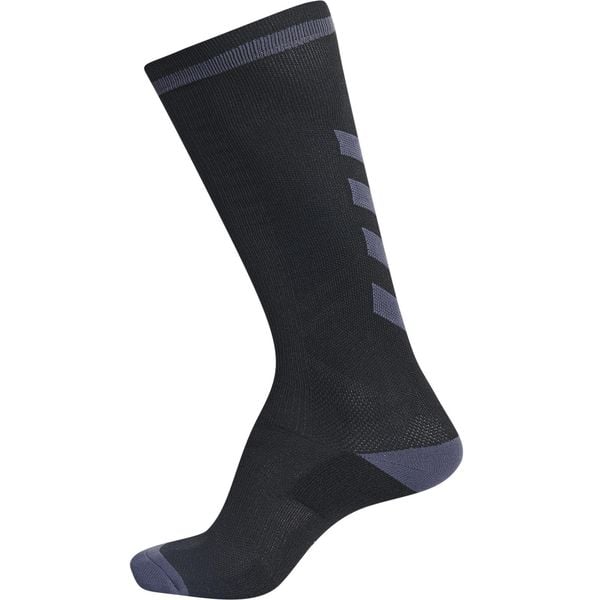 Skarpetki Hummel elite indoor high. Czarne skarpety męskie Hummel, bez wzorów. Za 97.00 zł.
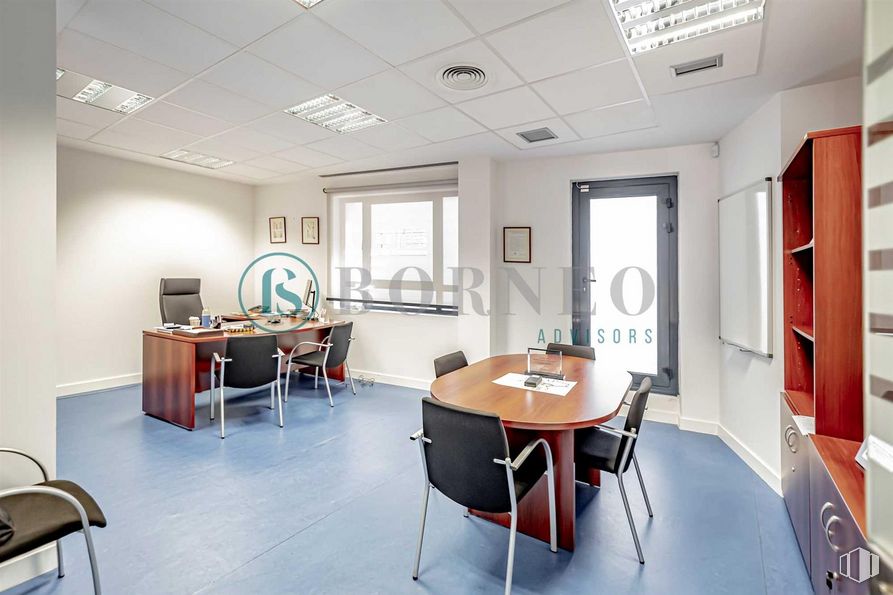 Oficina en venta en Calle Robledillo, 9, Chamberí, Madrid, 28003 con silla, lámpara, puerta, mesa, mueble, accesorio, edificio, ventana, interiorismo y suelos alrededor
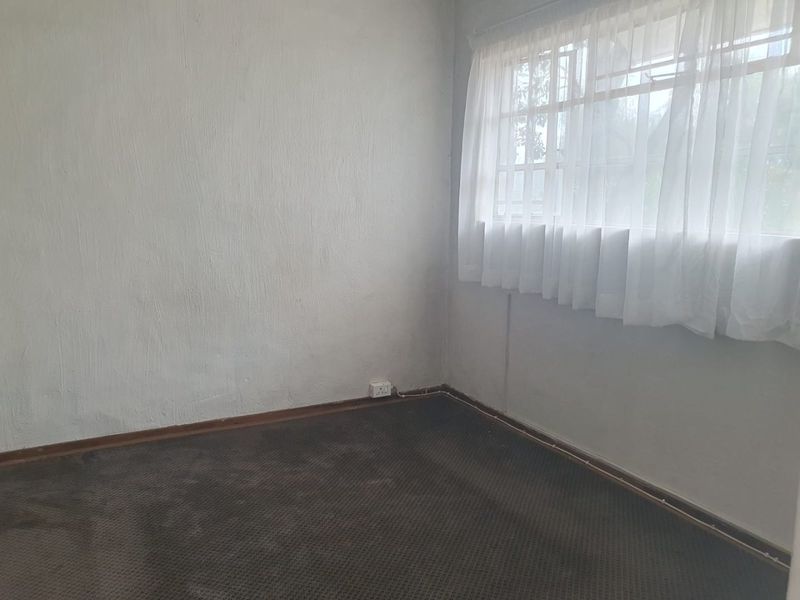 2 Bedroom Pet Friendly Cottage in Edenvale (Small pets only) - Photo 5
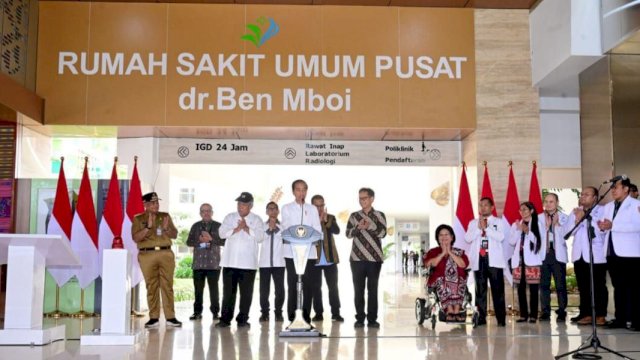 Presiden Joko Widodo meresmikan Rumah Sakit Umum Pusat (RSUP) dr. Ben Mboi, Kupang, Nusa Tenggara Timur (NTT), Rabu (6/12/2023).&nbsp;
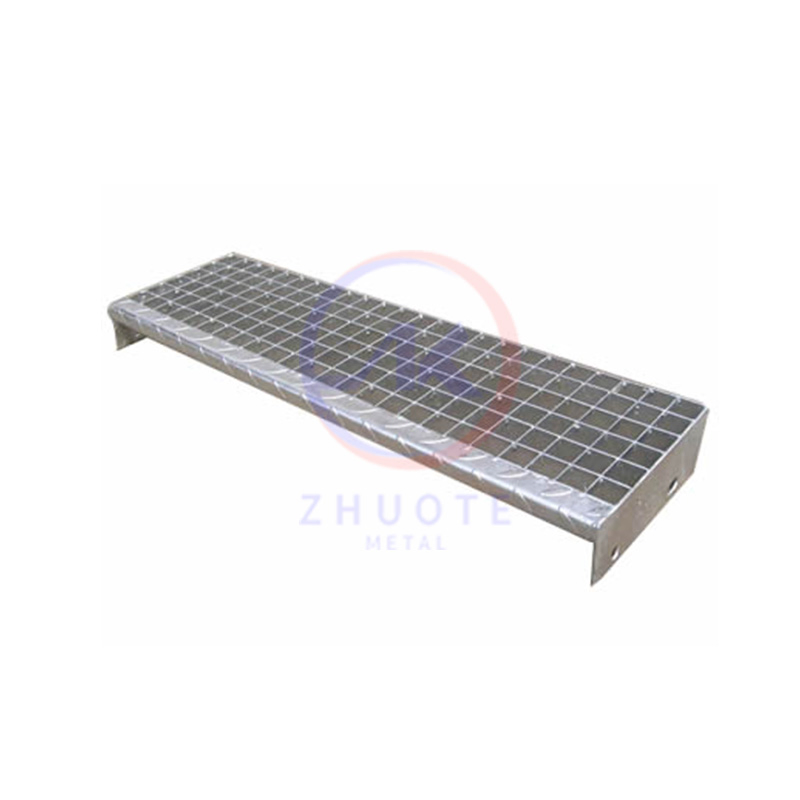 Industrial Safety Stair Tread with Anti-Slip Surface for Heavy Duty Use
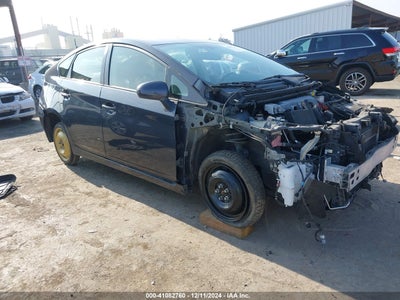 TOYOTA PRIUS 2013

> **What is being asked**
Your copy should hold exactly the lines from the line containing "Presiden Joko Widodo" through the last line of the listing above, both included, and no pictures.

> **Reply**
 Presiden Joko Widodo meresmikan Rumah Sakit Umum Pusat (RSUP) dr. Ben Mboi, Kupang, Nusa Tenggara Timur (NTT), Rabu (6/12/2023).&nbsp;
 Industrial Safety Stair Tread with Anti-Slip Surface for Heavy Duty Use
 TOYOTA PRIUS 2013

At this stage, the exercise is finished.